Whenever a line below holds the word "White", count it; please give only the final number.

╔══

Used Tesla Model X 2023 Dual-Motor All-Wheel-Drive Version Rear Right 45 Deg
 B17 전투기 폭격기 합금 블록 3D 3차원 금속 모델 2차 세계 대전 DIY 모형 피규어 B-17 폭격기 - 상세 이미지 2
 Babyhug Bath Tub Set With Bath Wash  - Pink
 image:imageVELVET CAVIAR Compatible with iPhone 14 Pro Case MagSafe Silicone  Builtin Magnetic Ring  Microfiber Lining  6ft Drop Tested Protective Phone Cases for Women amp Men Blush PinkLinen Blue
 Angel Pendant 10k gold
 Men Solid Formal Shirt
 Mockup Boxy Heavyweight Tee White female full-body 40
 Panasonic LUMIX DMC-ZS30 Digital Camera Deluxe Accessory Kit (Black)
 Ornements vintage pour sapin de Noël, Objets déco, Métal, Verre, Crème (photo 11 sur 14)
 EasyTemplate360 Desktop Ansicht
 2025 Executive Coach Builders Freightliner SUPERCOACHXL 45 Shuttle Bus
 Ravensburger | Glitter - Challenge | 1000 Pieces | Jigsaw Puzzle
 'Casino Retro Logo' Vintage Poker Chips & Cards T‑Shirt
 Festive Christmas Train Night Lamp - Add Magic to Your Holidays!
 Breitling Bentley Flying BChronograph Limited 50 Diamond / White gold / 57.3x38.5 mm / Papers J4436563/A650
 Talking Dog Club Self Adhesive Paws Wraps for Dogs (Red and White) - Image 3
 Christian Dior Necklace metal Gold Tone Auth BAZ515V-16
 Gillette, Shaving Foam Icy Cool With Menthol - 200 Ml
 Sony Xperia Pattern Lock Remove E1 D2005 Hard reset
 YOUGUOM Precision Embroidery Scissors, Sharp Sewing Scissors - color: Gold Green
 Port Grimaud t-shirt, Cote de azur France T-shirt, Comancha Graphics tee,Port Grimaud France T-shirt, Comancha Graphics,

╚══

Answer to the exercise >>
3